Documentation is important, always have the cases, scenarios, test plan, and strategy updated. If you are away for 2 weeks and you have to release… do the developers/product people on your team have access to your test case management tools to consult the test cases (in which you describe how to test each case: preconditions, action, and expected result)? Do you leave a suite with the tests that must be run to verify that we can confidently release this new version of the product/service to clients/users? The rest of the team must know what to look for and where they can run the tests.

Now imagine something even better: You managed to create/update all the necessary test cases for the tickets/stories/requirements in the current sprint when the tickets were still in To Do or In Progress, and the developer can see the test cases (linked in the ticket) and can run those tests locally (before uploading their changes and requesting a Code Review and before they reach Testing). If you achieve this, believe me, you will be able to reduce a lot of the errors found while testing. If we find an error, it would be a case that we did not contemplate at the beginning or, a case with a very low probability of occurrence or, very low severity, and the process will improve for the entire team.
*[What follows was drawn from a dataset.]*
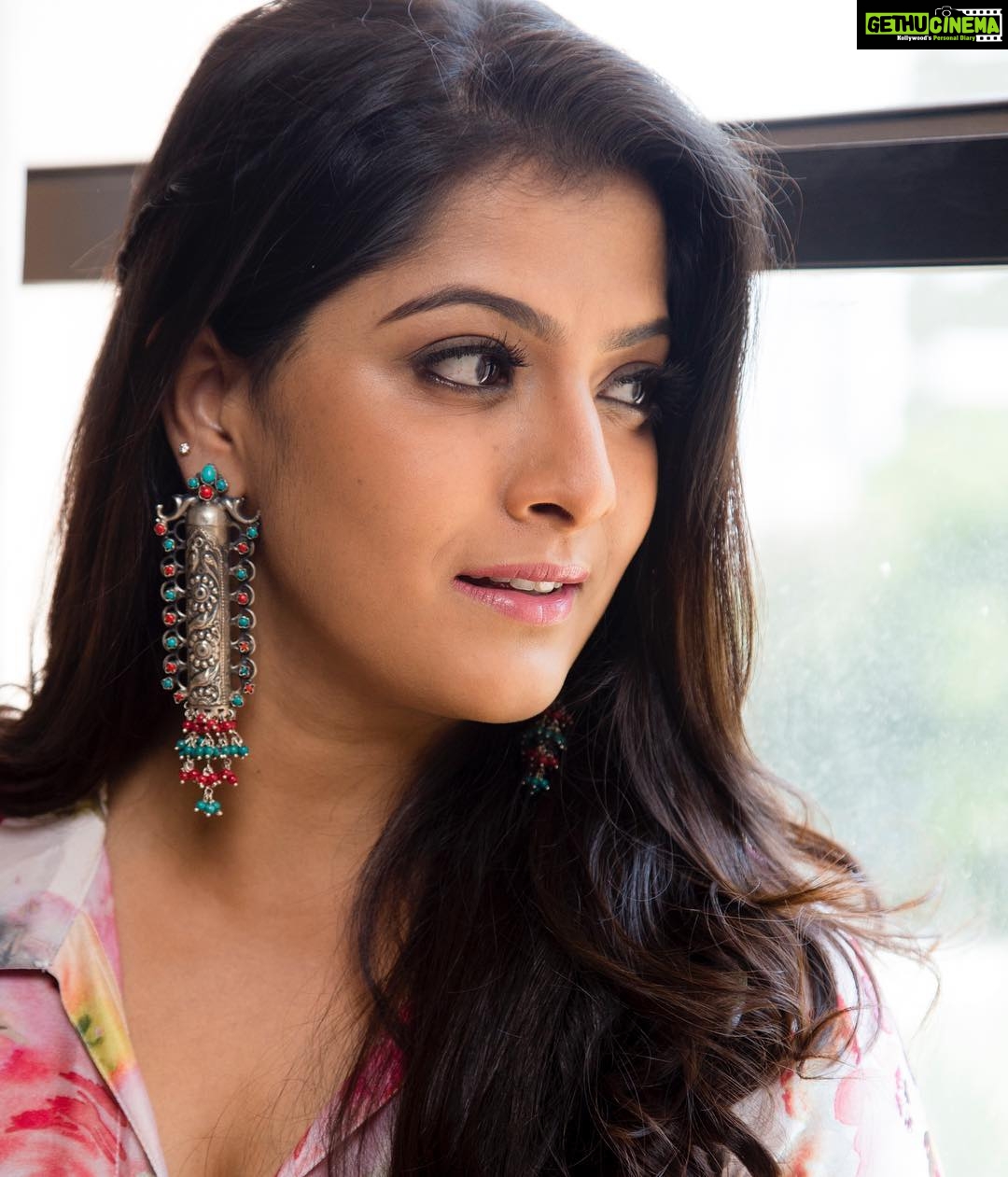 Varalaxmi Sarathkumar, hd, tamil actress, cute, Unnai Arindaal ...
Imagine that we have an emergency release (not ideal but sometimes happens), and we have only 2 hours to test and the regression suite (which we run manually) takes 2 days to be run (by a single person); if you have well-documented cases/scenarios, we can split the tests/ scenarios between all team members (prioritizing the most important ones) and thus in 2 hours we can go to production (because we all care equally about quality and we provide everyone the resources needed to collaborate in Testing).

If we have automated suites, we can run them frequently (not just when we’re in the middle of a release), maybe once a day, and we can quickly capture if we broke something in the release or if an API stopped working at any time, if the system It is very slow, and also, many more scenarios.

Involving other team members also helps everyone better understand why we don’t complete the regression in 15 minutes and that we are not just waiting for features to be ready to be tested. There is a lot behind testing: planning, documenting, searching for information, writing tests, generating reports, and being prepared at all times. And if we add these actions that I described before, we are going to become a team that moves faster without sacrificing quality and I assure you that we can do it if we give our teams the right tools and resources.